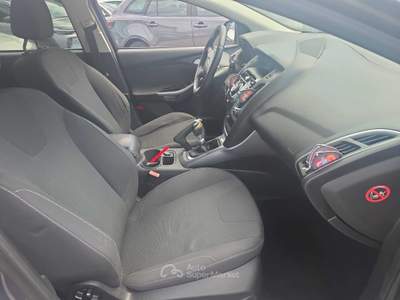 Ford Focus NON FUMATORE - NEOPATENTATO - SW usata Brescia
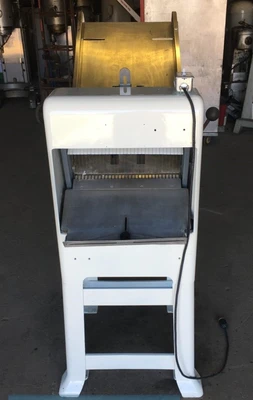 8-0135 Oliver Gravity Feed Bread Slicer Model 797 w/ 32″ Chute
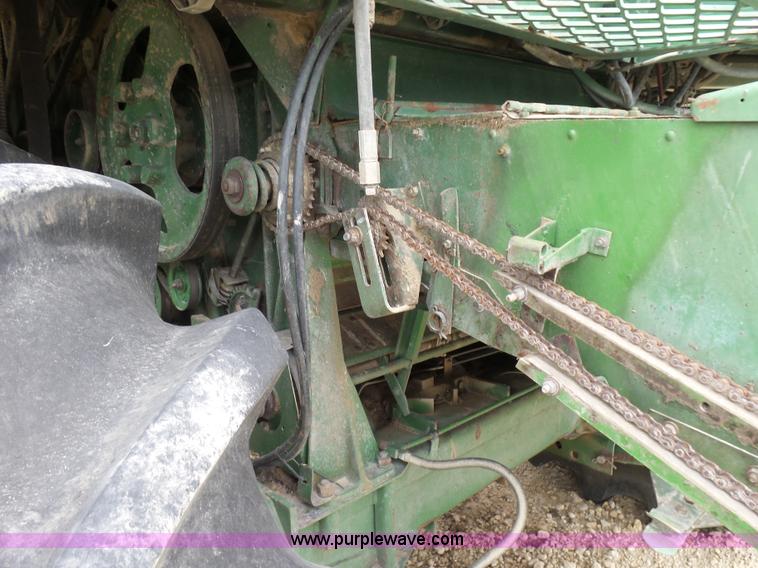 image for item K3082 1981 John Deere 6620 Turbo combine
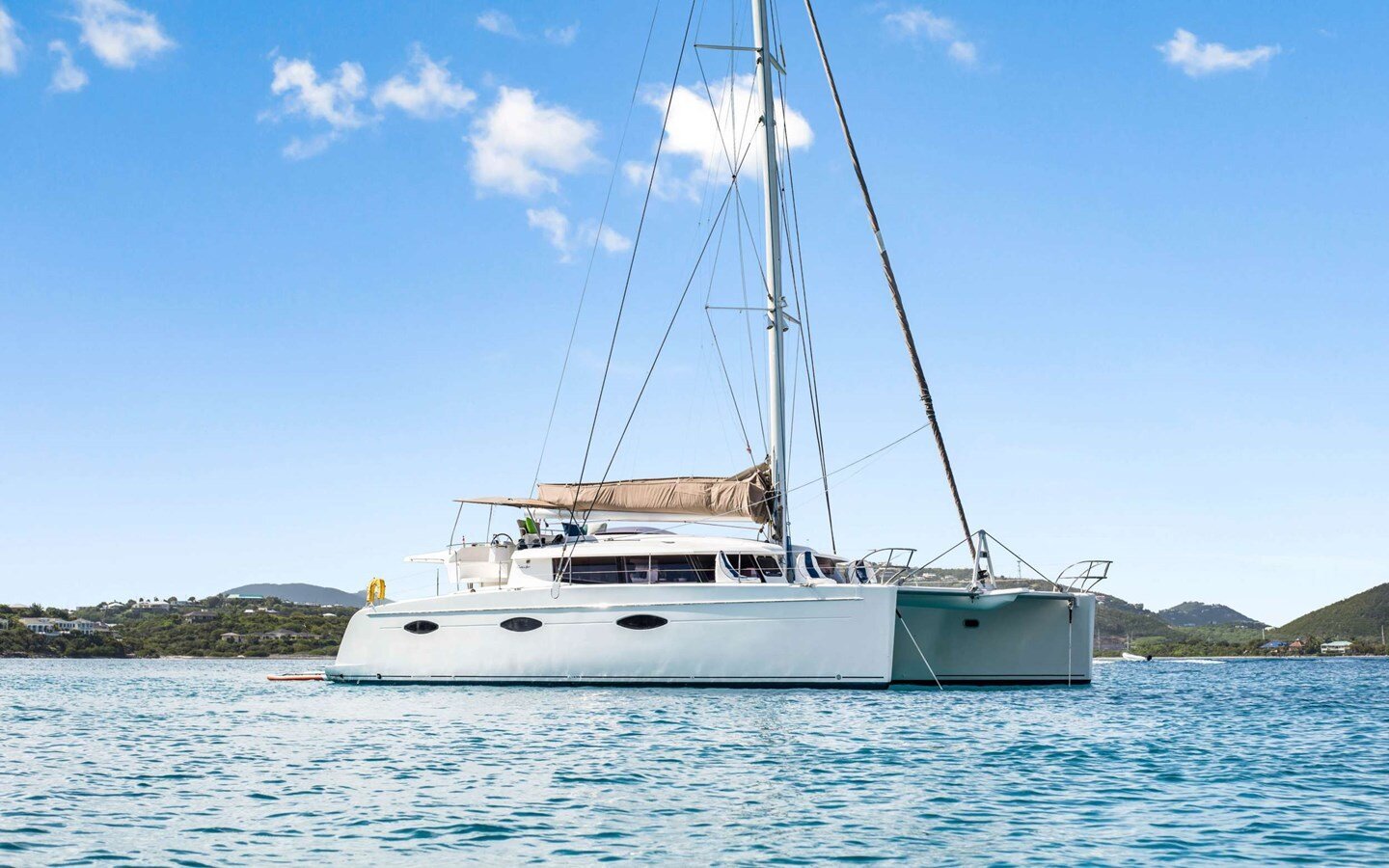 2013-fountaine-pajot-59-93aa8f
+++
Would you return all of the data above word for word, omitting every picture?

 Ford Focus NON FUMATORE - NEOPATENTATO - SW usata Brescia
 8-0135 Oliver Gravity Feed Bread Slicer Model 797 w/ 32″ Chute
 image for item K3082 1981 John Deere 6620 Turbo combine
 2013-fountaine-pajot-59-93aa8f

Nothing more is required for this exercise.